* [WHAT THE EXERCISE ASKS] Starting at the line that contains "Tagesfeldern und Wochennummern.", return every line through the end of the entries below, exactly and with nothing else.

* [DATA FOR THIS TASK]
- - - - -
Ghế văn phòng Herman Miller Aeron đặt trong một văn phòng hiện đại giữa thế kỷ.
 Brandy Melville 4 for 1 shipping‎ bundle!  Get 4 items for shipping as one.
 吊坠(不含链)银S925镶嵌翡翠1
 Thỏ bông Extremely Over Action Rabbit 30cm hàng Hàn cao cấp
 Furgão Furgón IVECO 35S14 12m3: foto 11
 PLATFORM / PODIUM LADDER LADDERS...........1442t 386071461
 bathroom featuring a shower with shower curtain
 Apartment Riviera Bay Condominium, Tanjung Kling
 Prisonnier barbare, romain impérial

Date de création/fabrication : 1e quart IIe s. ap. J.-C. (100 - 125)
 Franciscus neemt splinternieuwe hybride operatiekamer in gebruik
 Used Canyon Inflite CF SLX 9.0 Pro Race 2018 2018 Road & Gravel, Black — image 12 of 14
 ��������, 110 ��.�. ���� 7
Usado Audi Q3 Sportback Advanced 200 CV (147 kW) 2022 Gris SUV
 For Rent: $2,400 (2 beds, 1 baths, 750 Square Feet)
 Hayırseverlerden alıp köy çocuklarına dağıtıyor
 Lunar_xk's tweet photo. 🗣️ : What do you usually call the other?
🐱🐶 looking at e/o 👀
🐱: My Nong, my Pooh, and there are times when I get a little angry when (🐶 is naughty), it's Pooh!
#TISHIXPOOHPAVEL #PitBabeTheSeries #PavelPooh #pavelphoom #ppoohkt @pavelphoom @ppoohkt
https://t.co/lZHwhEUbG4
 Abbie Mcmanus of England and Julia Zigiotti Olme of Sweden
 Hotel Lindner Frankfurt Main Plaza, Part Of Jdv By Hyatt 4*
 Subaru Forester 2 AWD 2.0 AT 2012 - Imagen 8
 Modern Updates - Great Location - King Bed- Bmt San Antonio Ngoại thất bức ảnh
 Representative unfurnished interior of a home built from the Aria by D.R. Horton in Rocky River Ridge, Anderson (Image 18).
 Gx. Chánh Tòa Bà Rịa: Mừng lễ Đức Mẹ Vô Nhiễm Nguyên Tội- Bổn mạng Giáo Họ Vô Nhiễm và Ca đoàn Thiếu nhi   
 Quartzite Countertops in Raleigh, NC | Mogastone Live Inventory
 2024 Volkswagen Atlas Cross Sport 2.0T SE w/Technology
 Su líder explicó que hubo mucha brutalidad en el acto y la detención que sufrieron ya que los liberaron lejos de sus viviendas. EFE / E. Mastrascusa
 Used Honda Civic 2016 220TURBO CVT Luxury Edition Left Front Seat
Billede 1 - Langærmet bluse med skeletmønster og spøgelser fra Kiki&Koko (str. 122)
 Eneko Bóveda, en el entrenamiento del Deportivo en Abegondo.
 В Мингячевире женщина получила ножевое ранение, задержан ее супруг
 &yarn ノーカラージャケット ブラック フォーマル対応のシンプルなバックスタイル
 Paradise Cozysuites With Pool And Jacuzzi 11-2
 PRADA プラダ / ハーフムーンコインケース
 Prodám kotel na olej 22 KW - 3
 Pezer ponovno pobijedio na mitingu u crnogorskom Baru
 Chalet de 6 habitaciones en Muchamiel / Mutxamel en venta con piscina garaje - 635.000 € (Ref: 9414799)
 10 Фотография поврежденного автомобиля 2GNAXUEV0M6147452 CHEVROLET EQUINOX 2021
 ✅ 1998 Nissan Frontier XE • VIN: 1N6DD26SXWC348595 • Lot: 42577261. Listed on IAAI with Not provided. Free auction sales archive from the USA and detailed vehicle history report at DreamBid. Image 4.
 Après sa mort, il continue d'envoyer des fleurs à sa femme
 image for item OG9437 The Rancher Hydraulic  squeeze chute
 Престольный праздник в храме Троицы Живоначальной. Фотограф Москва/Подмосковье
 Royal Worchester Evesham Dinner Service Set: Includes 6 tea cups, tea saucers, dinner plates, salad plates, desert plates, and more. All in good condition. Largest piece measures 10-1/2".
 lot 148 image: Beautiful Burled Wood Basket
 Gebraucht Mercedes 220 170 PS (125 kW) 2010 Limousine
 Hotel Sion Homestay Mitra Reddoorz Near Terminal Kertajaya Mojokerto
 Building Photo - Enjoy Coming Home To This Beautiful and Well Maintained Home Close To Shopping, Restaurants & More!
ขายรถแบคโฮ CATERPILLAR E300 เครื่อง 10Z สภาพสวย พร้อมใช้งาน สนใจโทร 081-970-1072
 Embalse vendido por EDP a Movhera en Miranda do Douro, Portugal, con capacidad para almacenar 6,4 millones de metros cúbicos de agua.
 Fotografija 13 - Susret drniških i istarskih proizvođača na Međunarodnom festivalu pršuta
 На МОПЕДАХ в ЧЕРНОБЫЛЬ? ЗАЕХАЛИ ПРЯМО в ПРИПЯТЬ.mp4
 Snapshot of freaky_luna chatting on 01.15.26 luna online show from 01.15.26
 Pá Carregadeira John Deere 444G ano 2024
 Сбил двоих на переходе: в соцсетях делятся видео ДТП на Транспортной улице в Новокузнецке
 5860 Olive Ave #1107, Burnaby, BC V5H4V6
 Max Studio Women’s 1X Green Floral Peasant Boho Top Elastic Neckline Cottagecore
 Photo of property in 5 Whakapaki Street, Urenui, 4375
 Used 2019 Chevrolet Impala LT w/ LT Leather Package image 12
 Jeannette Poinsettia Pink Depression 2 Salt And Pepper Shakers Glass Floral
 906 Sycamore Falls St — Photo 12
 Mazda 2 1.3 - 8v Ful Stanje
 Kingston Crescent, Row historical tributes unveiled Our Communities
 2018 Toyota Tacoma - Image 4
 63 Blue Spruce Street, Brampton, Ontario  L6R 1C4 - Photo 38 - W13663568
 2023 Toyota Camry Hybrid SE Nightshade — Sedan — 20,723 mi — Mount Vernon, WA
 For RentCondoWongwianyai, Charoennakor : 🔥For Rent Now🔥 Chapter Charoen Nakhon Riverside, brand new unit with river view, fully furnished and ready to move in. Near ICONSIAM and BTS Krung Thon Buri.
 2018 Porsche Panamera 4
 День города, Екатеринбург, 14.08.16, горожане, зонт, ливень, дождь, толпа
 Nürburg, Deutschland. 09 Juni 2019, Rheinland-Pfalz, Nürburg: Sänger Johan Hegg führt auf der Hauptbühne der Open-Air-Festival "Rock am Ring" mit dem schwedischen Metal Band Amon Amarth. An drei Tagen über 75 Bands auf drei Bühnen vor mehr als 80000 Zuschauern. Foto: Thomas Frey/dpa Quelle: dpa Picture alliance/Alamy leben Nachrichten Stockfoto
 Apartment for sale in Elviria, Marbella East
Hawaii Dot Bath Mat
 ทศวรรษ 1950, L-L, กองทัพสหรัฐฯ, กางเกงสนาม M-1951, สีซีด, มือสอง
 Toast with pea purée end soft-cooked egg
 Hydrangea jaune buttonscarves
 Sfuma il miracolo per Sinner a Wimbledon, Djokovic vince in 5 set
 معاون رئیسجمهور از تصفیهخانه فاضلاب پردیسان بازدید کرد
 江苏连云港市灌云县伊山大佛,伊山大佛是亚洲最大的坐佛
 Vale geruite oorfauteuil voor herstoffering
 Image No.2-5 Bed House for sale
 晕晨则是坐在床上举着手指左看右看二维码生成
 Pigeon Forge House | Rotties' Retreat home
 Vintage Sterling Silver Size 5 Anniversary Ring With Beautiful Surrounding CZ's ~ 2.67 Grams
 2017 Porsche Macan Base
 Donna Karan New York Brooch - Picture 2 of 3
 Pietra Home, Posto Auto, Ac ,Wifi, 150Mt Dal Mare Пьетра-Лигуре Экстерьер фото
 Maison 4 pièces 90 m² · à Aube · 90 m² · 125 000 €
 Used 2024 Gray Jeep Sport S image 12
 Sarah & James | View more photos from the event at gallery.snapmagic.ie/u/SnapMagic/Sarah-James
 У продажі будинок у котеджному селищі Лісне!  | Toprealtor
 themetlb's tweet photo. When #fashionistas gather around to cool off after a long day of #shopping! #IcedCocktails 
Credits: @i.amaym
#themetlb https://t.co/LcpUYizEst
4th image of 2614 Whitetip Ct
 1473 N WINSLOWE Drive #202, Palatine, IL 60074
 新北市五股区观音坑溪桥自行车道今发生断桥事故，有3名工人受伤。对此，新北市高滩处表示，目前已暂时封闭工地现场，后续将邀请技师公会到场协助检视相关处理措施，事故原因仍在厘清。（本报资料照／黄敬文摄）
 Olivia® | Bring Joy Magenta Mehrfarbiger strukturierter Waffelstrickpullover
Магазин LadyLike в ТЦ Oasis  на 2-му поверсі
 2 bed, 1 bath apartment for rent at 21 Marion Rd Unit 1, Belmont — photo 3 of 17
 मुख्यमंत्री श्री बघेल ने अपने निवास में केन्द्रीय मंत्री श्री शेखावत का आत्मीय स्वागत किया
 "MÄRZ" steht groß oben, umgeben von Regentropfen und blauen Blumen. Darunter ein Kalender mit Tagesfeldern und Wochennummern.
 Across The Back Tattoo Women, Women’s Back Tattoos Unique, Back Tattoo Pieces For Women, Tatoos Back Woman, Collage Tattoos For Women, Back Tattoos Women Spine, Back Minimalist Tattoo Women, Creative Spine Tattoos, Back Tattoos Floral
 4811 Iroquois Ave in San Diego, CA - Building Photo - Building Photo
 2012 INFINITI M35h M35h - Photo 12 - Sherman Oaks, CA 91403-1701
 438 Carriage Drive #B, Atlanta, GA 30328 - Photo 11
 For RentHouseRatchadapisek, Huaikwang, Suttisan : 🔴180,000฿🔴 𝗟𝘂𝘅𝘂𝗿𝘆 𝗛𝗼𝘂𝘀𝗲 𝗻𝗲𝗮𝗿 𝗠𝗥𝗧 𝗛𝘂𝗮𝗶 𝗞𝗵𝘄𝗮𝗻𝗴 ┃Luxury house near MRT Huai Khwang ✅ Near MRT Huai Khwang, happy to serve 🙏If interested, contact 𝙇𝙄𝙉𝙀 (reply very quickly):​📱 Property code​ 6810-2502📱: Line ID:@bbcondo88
- - - - -
* [ANSWER SECTION]
 "MÄRZ" steht groß oben, umgeben von Regentropfen und blauen Blumen. Darunter ein Kalender mit Tagesfeldern und Wochennummern.
 Across The Back Tattoo Women, Women’s Back Tattoos Unique, Back Tattoo Pieces For Women, Tatoos Back Woman, Collage Tattoos For Women, Back Tattoos Women Spine, Back Minimalist Tattoo Women, Creative Spine Tattoos, Back Tattoos Floral
 4811 Iroquois Ave in San Diego, CA - Building Photo - Building Photo
 2012 INFINITI M35h M35h - Photo 12 - Sherman Oaks, CA 91403-1701
 438 Carriage Drive #B, Atlanta, GA 30328 - Photo 11
 For RentHouseRatchadapisek, Huaikwang, Suttisan : 🔴180,000฿🔴 𝗟𝘂𝘅𝘂𝗿𝘆 𝗛𝗼𝘂𝘀𝗲 𝗻𝗲𝗮𝗿 𝗠𝗥𝗧 𝗛𝘂𝗮𝗶 𝗞𝗵𝘄𝗮𝗻𝗴 ┃Luxury house near MRT Huai Khwang ✅ Near MRT Huai Khwang, happy to serve 🙏If interested, contact 𝙇𝙄𝙉𝙀 (reply very quickly):​📱 Property code​ 6810-2502📱: Line ID:@bbcondo88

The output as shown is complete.